[00:00] mikeal: https://bugzilla.mozilla.org/show_bug.cgi?id=524436 was specific to this page and marked a dupe of that bug
[00:02] isaacs: so, i'm gonna make the sax parser do XML, and do it right, with loose and strict modes. Then the HTML parser can be a layer on top of that which watches the stream of tags and makes all kinds of psychotic changes to it.
[00:02] jackyyll: tlrobinson: it lags in webkit too :P
[00:03] ryah: isaacs: i think html is more or less unbalanced xml
[00:04] isaacs: ryah: "less" ++
[00:04] isaacs:
hello
paragraphbold hello paragraphbold
[00:05] jackyyll: how come node.js doesn't have a wikipedia page?
[00:05] isaacs: that's: heading
[00:05] isaacs: good luck
[00:08] ryah: isaacs: unbalanced xml with some header sent: "2 0 1 0 0 0 3a 0 3c 0 0 0 0 0 0 0 0 0 b 0 0 0 2a c 43 6f 6e 74 65 6e 74 2d 54 79 70 65 53 0 0 0 18 61 70 70 6c 69 63 61 74 69 6f 6e 2f 6f 63 74 65 74 2d 73 74 72 65 61 6d ce "
[00:08] ryah: oops
[00:08] ryah: eccentricities
[00:08] isaacs: that was certainly eccentric!
[00:14] paul_ has joined the channel
[00:16] bentomas: A quick question about node request objects, if I pause a request and never resume it will I suffer any performance losses? Like will node be buffering the messages or something?
[00:17] ryah: bentomas: node wont but the kernel will
[00:17] bentomas: gotcha, won't do that then!
[00:17] ryah: as much as it can of course
[00:18] mikeal has joined the channel
[00:18] ryah: but then it does this: http://en.wikipedia.org/wiki/Transmission_Control_Protocol#Flow_control
[00:18] ryah: that is, it starts telling the sender that it can't handle more data
[00:18] ryah: to back off on the speed
[00:18] ryah: so - do call it!
[00:19] bentomas: gotcha!
[00:22] konobi: ryah: http://github.com/orlandov/node-riak
[00:23] bryanl has joined the channel
[00:23] ryah: wow that was fast
[00:23] konobi: orlandov++
[00:24] orlandov: ryah: it's not very good yet :)

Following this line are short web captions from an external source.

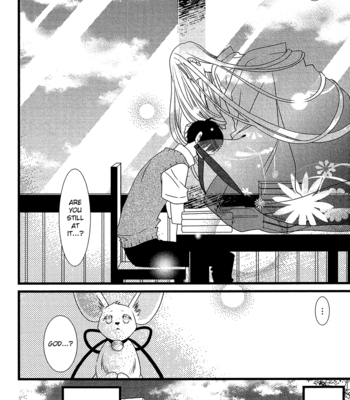 [KOMURA Ayumi] Kami-sama no Ekohiiki – Vol.04 [Eng] – Gay Manga sex 154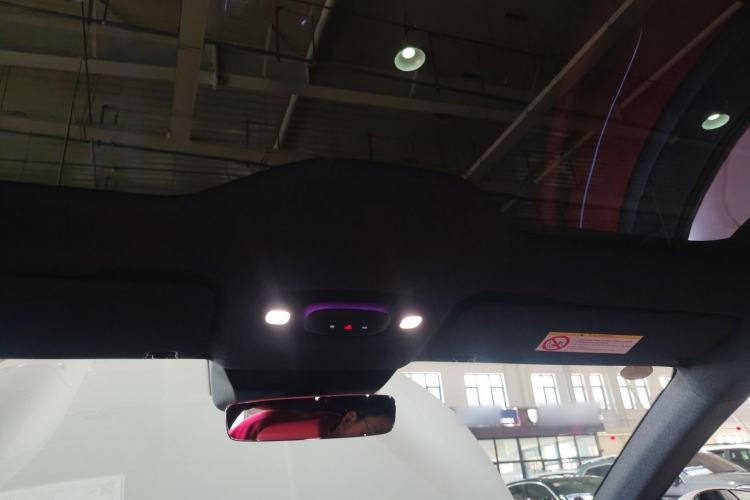 Used Xiaomi Auto SU7 2024 Rear-Drive Long-Range Intelligent Driving Version Headliner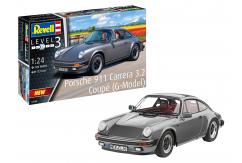 Revell 1/24 Porsche 911 Carrera 3.2 Coupe (G-Model) image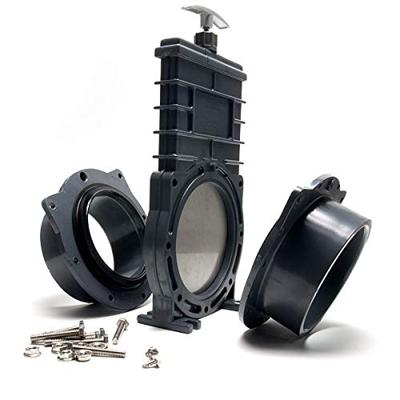 Schuifkraan PVC - 63 mm - thumbnail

[00:24] bentomas has left the channel
[00:24] mikeal: NoSQL FTW!
[00:29] ryah: beginning of node: http://four.livejournal.com/920900.html
[00:31] ryah: also http://four.livejournal.com/923835.html
[00:31] stephenlb has joined the channel
[00:35] jed_ has joined the channel
[00:36] inimino: ryah: nice
[00:38] brapse has joined the channel
[00:40] tmpvar has joined the channel
[00:50] joshbuddy has joined the channel
[00:50] joshbuddy has joined the channel
[00:55] pjb3: I was just looking at the list of node users: http://wiki.github.com/ry/node/node-users
[00:55] pjb3: And maybe I'm dumb
[00:55] pjb3: but isn't US Eastern UTC-5 (-4) ?
[00:55] isaacs: pjb3: yeah, huh.
[00:56] mattly: are there any interfaces to image processing libraries for node yet?
[00:56] deanlandolt: heh, that's an awful lot of folks in the midwest...seems a little odd :D
[00:56] isaacs: guess we got no central time zone users?
[00:56] pjb3: isaacs: ok, thanks, I thought I was crazy
[00:56] isaacs: pjb3: i don't know that you're not.
[00:56] isaacs: ;P
[00:57] ryah: mattly: probably best to do that out-of-process
[00:57] mattly: yeah
[00:57] pjb3: isaacs: well, not in this case, but overall, your right, good point ;)
[00:57] ryah: mattly: but, no
[00:57] deanlandolt: pjb3: yeah, kriskowal just did a narwhal page based on the node-users page...i had to do some head scratching, then added UTC-5
[00:57] mattly: i'm just thinking about how to handle it
[00:57] mattly: ...thinking about porting a fledling ruby project over
[00:57] mattly: *fledgling
[00:57] ryah: wrapping the imagemagik shell programs
[00:57] isaacs: mattly: you could expose GDImage or imagemagik
[00:58] isaacs: they're avaialble as C libs, at least gdimage is, i know
[00:58] ryah: but image processing is pretty heavy. i don't think it's a terrible idea to start a different process to do it
[00:59] konobi: Imager.pm is pretty awesome, but not sure if it's a seperate library
[00:59] ryah: at least for doing resizes and stuff
[00:59] mattly: hm
[00:59] okito has joined the channel
[01:00] mattly: resizing is basically 95% of what i need
[01:01] konobi: mattly: shell out to convert
[01:01] ryah: out of process = safe (node wont crash due to a bad binding), easy to build (just js), easier to write
[01:01] ryah: at the cost of maybe 1ms
[01:02] ryah: per resize
[01:02] mattly: yeah
[01:02] mattly: i can deal with 1ms
[01:02] mattly: thanks
[01:02] brapse has joined the channel
[01:03] ryah: http://bulk.fefe.de/scalable-networking.pdf
[01:04] ryah: okay maybe 4 ms
[01:05] ryah: between 2 and 3 it seems
[01:05] ryah: (page 13)
[01:14] kriszyp_ has joined the channel
[01:32] pjb3: What is the top-level unescapse function?
[01:32] pjb3: unescape
[01:33] pjb3: Is that a JS thing? V8? Node?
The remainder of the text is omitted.